**WHAT THE TASK REQUIRES**
Output the listing below verbatim, but drop the images.

**SUPPLIED DATA**
**********

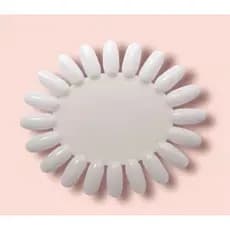 Discos para Treino Nail Art | Mostruário de Esmaltes Manicure Unhas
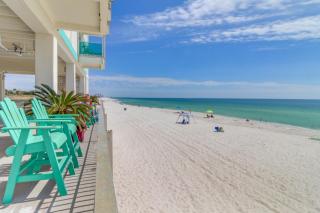 Fontainebleau Terrace 600 - Panama City Beach - 8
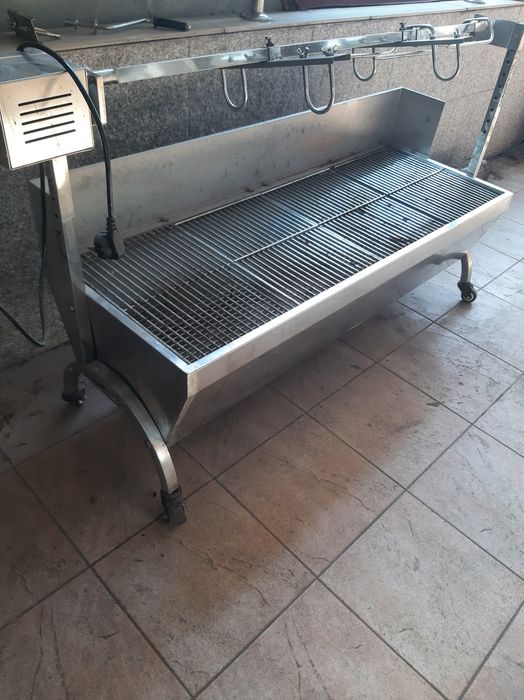 Продам BBQ, Гриль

**********

**ANSWER SECTION**
 Discos para Treino Nail Art | Mostruário de Esmaltes Manicure Unhas
 Fontainebleau Terrace 600 - Panama City Beach - 8
 Продам BBQ, Гриль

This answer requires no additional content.